アウエルシュタットの戦いでプロイセンを破り、ベルリンを占領したナポレオン。

フリードリヒ王はプロイセン軍の残存兵力を率いて東プロイセンに逃れ、ケーニヒスベルクでロシア軍との合流を図る。

これを阻止しようと、ナポレオンは雪の降り始める中、フランス軍を率いて出撃を強行した。

ダヴ―軍団にプロイセン軍追撃を任せ、直営軍団と他三つの軍団を彼自ら率いて、ケーニヒスベルクへ先回りしようという作戦だったが、彼が指揮する本隊は、途中のアイウラ村でロシア軍と遭遇した。



吹雪の中で、尾根上にある敵の砲兵陣の占領を策したナポレオン旗下のオージェロー軍団は、視界の回復とともに、高所からの砲撃とコサック騎兵による強襲を受けて潰走した。


「とにかく救援を出せ」

そう命令するナポレオンに、部下たちは尻込み。

「ですが、コサック騎兵は強力です」

すると、ミュラー将軍が言った。

「俺が行きます。
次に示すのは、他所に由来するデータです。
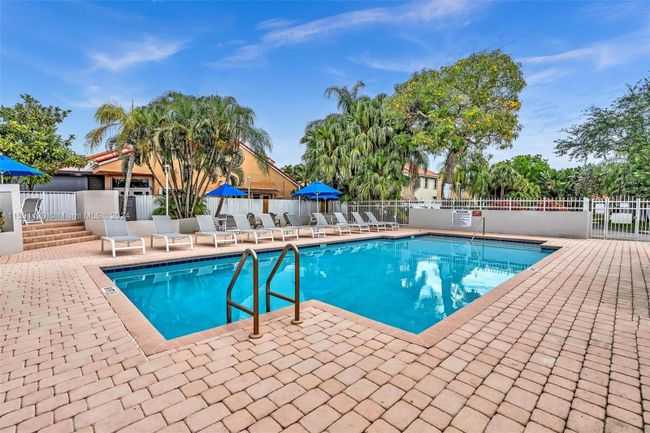 3990 Hyde Park Cir, House other with 3 bedrooms, 2 bathrooms and null parking in Hollywood FL | Image 59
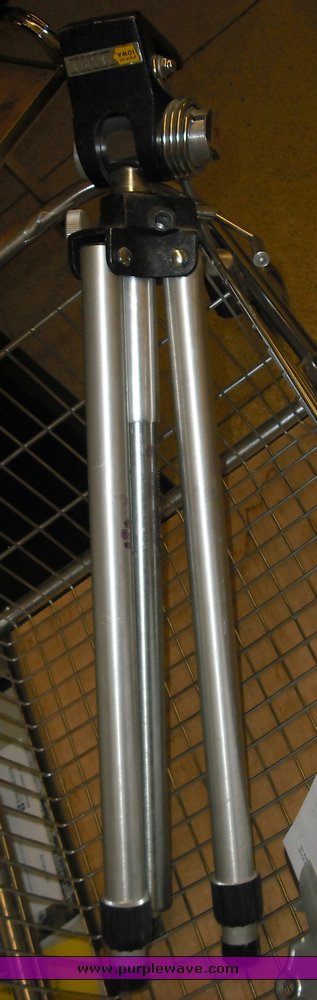 image for item 3926 Compaq micro portable projector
騎兵隊の機動力は騎兵隊でなければ対応出来ない。俺は騎兵出身で、奴らの戦い方は知っています」



ミュラーは自らの軍団の騎兵を引き連れて、戦場に向かった。

「個々の技量は奴らが上だ。密集して対抗するしか無い」

そう言うと彼は、旗下の騎兵たちに部隊ごとの方陣を組ませ、銃騎兵を前面に出すよう指示。


潰走するオージェロー軍兵を襲うコサック騎兵たちに向け、密集した騎馬隊の前面の銃騎兵たちが馬上で銃を構える。

「撃て!」

銃弾を受けて何人かの敵騎兵が落馬。


コサック側の多数の騎兵が矛先を変え、馬を駆ってフランス騎兵たちに向かう。

右手に銃を構えて次々に発砲するコサック騎兵。

何人ものフランス騎兵が銃弾を受けて落馬。


目前に迫ったコサック騎兵たちはサーベルを抜いて突入の構えをとる。


「槍騎兵前へ」

そのミュラーの号令で、フランス側では、銃を持つ騎兵の背後に居た槍を持つ騎兵が、交代して前列におどり出て、切りかかるコサック騎兵を一斉に突く。

フランス騎兵の密集隊を取り囲んで乱戦となる、コサック騎兵たちの群れに、別のフランス騎兵の一団が側面から突入。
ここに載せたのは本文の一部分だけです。